WHAT THE TASK REQUIRES: As soon as the line containing "Κρεβάτι Boxspring με" appears, start repeating lines exactly and continue to the end of the entries; please skip pictures.

START GIVEN ENTRIES

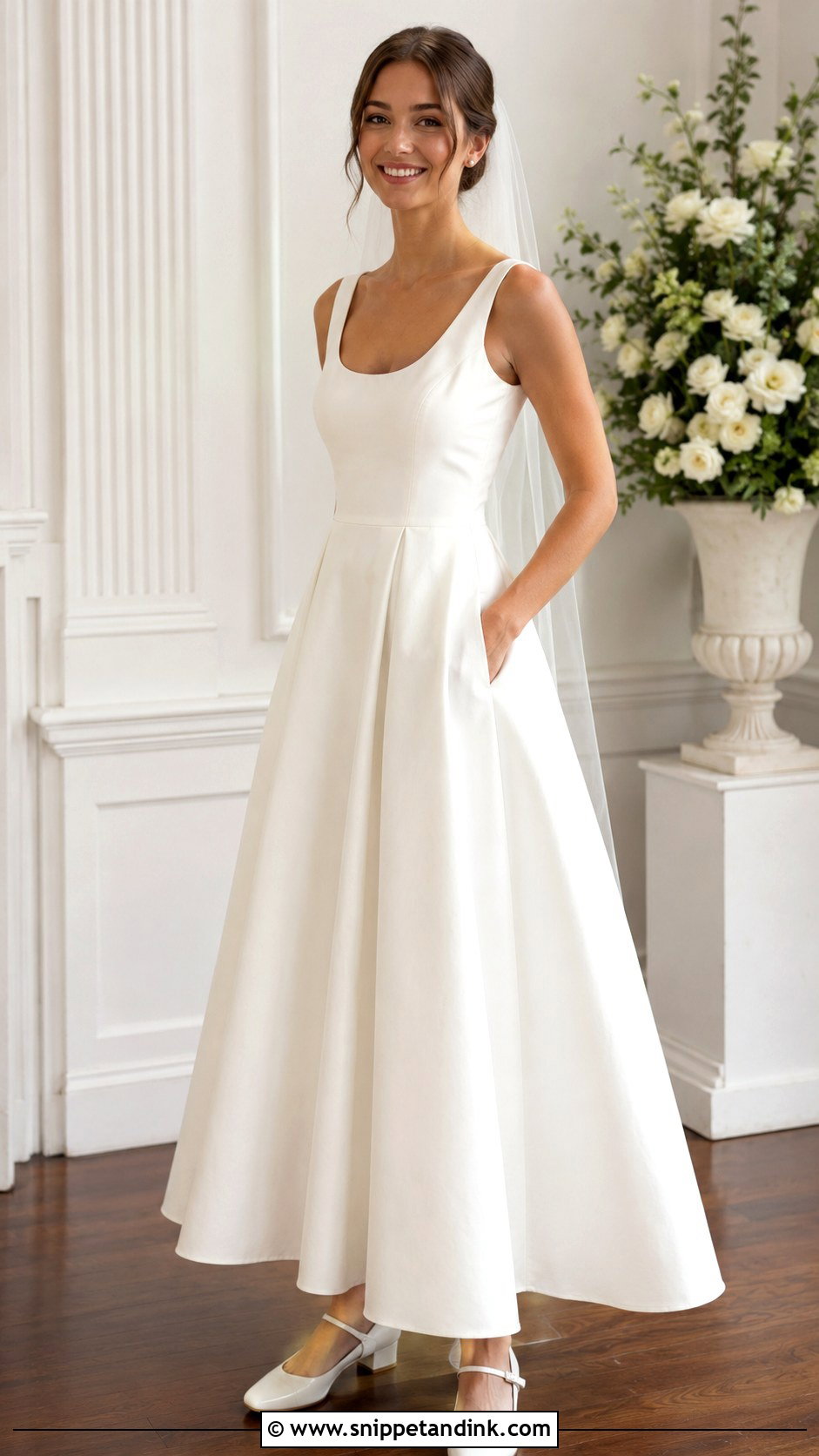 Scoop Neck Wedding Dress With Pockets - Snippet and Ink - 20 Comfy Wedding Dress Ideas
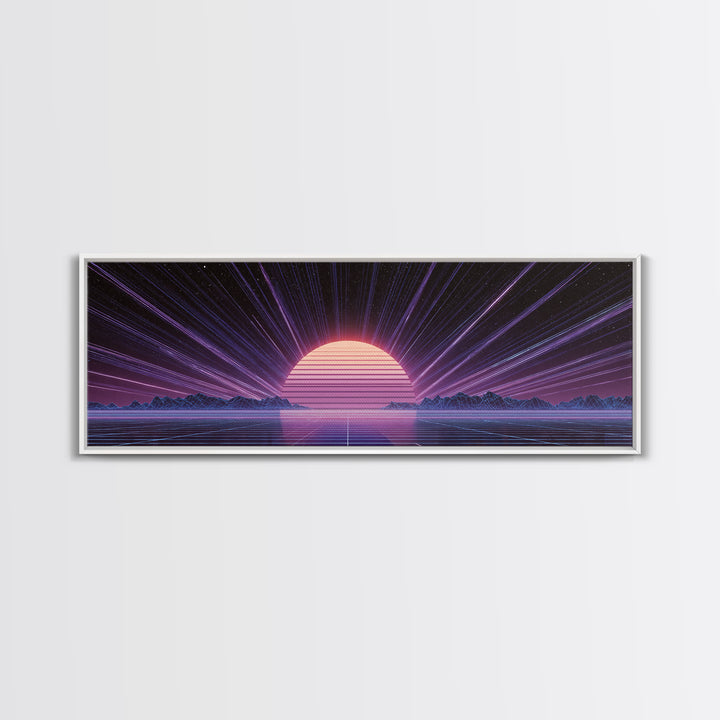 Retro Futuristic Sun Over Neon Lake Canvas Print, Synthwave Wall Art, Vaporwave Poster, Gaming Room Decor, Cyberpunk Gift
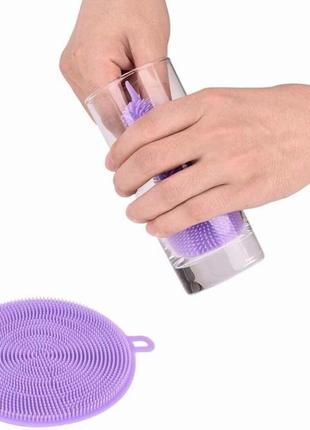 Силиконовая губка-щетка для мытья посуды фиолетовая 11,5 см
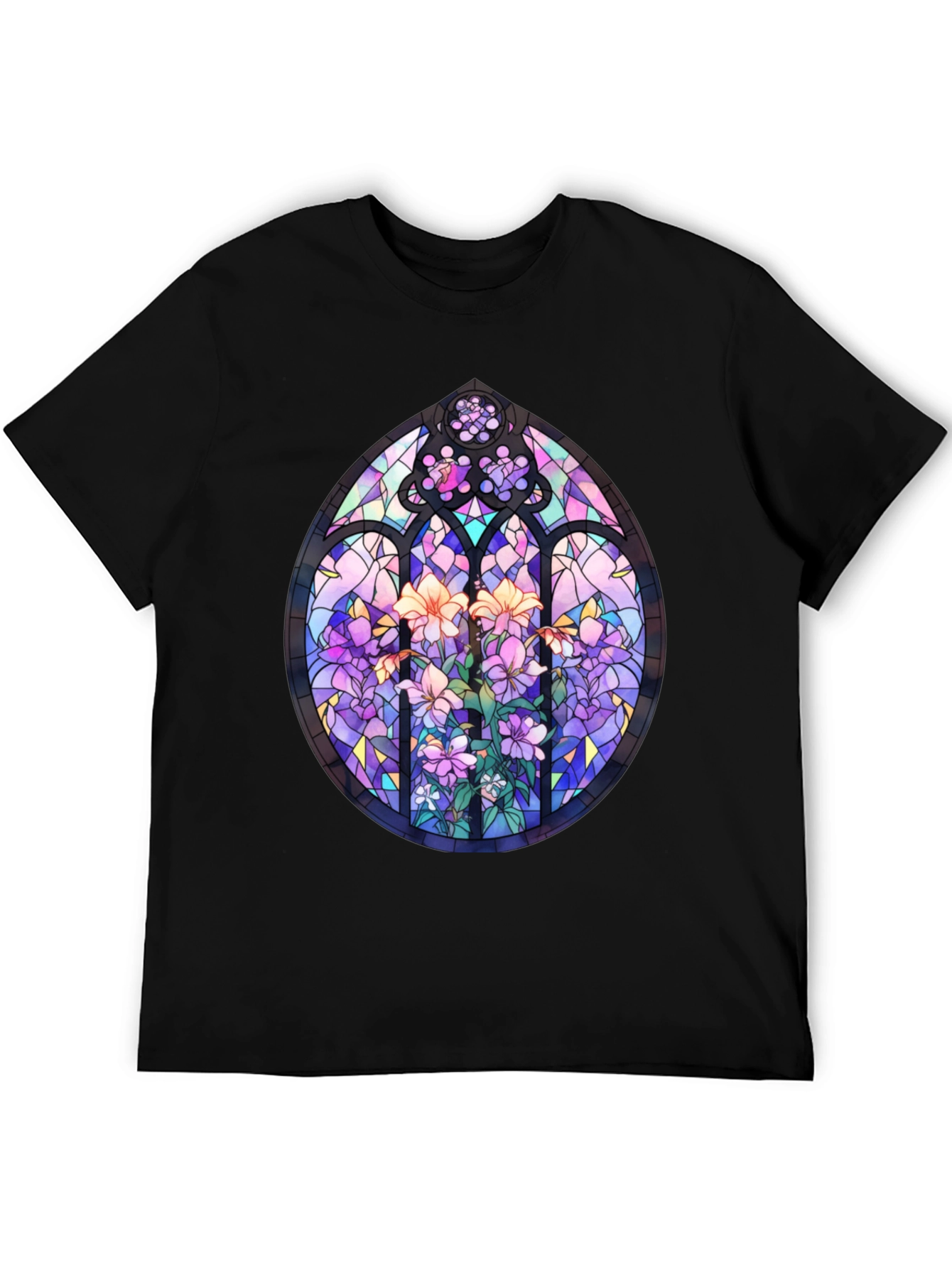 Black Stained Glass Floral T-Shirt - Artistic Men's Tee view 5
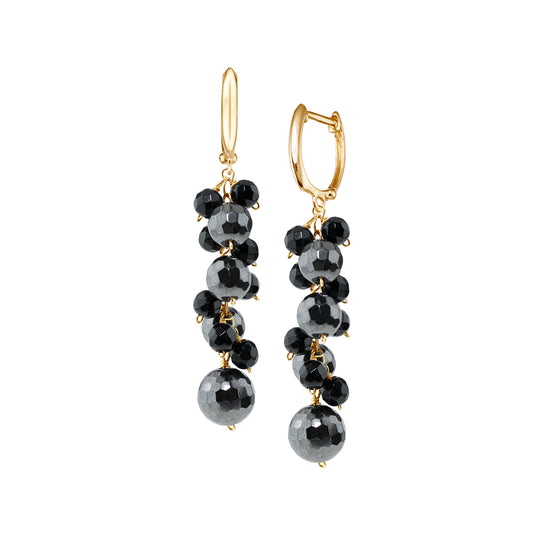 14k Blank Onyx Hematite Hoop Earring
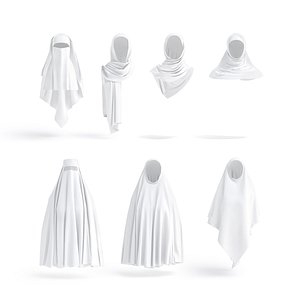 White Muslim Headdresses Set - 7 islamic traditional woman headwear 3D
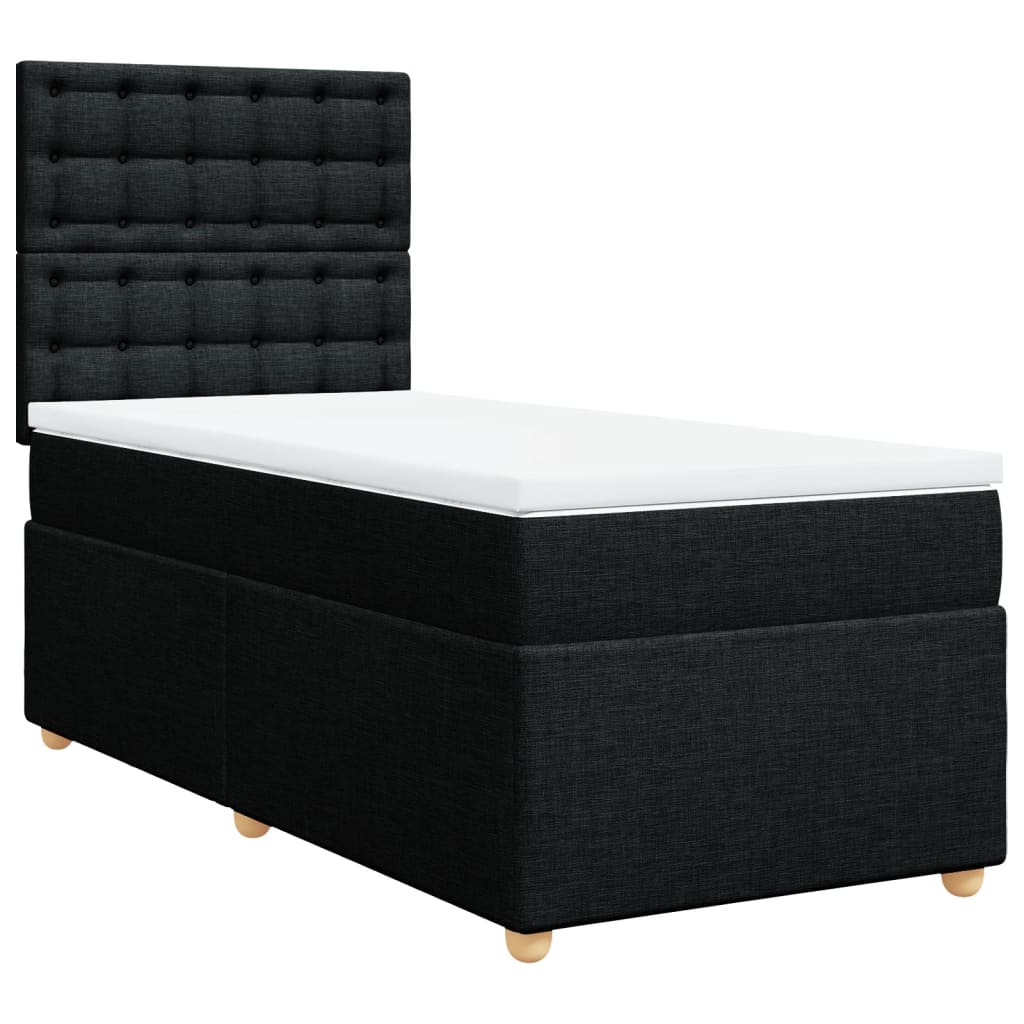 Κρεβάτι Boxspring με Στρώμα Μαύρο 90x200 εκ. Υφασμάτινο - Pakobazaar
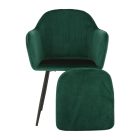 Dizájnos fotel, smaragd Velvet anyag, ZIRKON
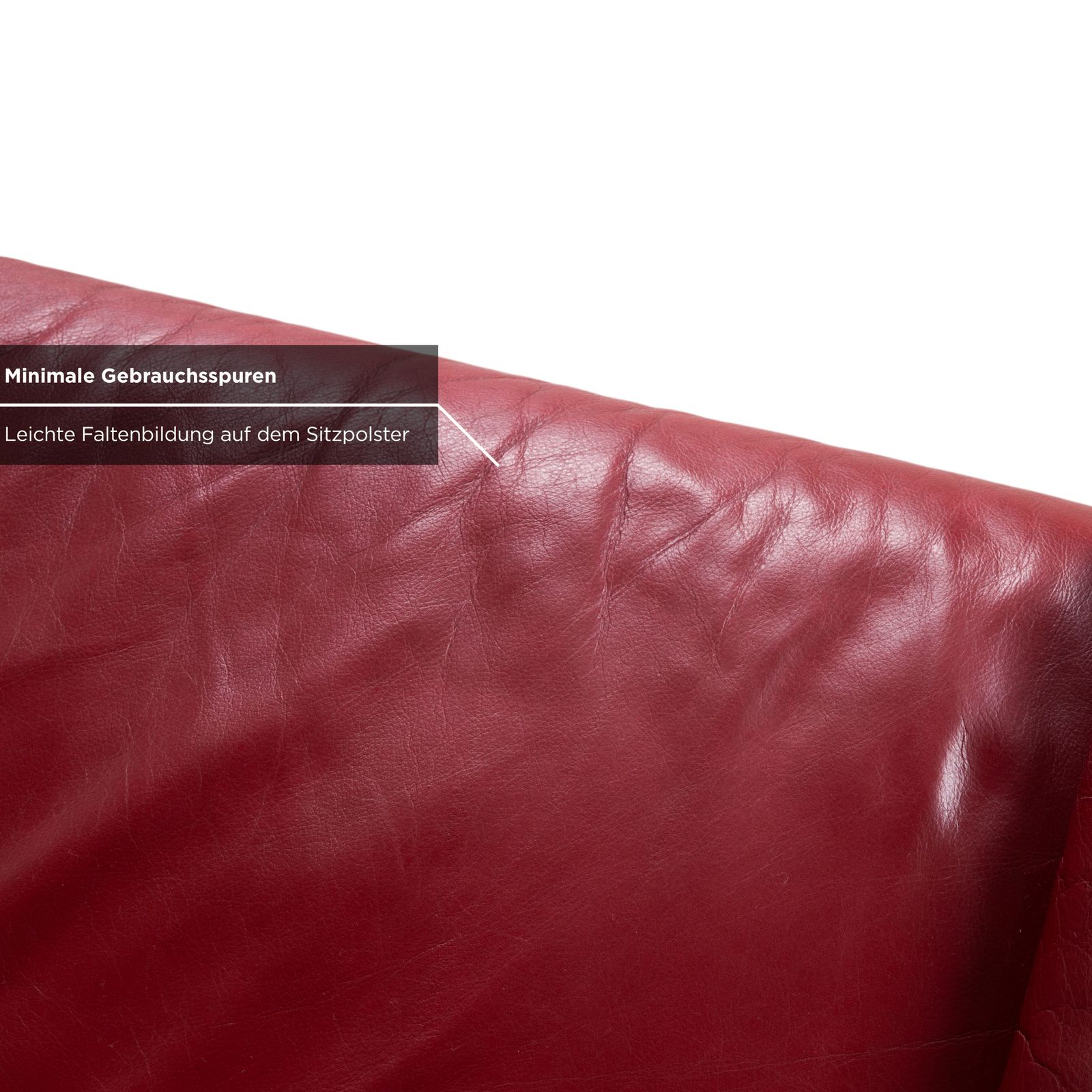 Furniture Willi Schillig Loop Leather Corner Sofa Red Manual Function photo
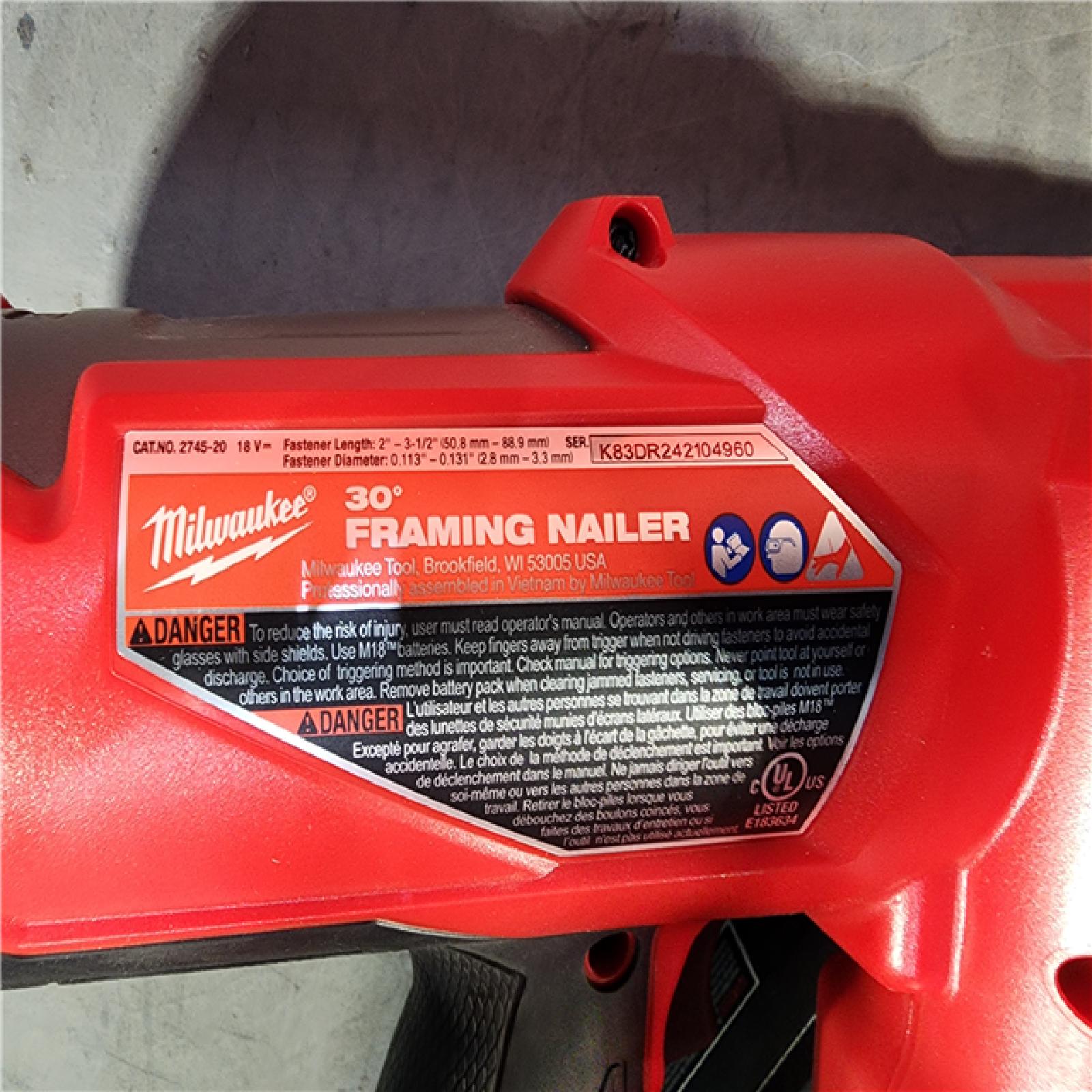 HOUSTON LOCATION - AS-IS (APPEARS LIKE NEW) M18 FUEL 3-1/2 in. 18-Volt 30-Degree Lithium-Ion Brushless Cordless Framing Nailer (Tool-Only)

END GIVEN ENTRIES

OUTPUT BELOW:
 Κρεβάτι Boxspring με Στρώμα Μαύρο 90x200 εκ. Υφασμάτινο - Pakobazaar
 Dizájnos fotel, smaragd Velvet anyag, ZIRKON
 Furniture Willi Schillig Loop Leather Corner Sofa Red Manual Function photo
 HOUSTON LOCATION - AS-IS (APPEARS LIKE NEW) M18 FUEL 3-1/2 in. 18-Volt 30-Degree Lithium-Ion Brushless Cordless Framing Nailer (Tool-Only)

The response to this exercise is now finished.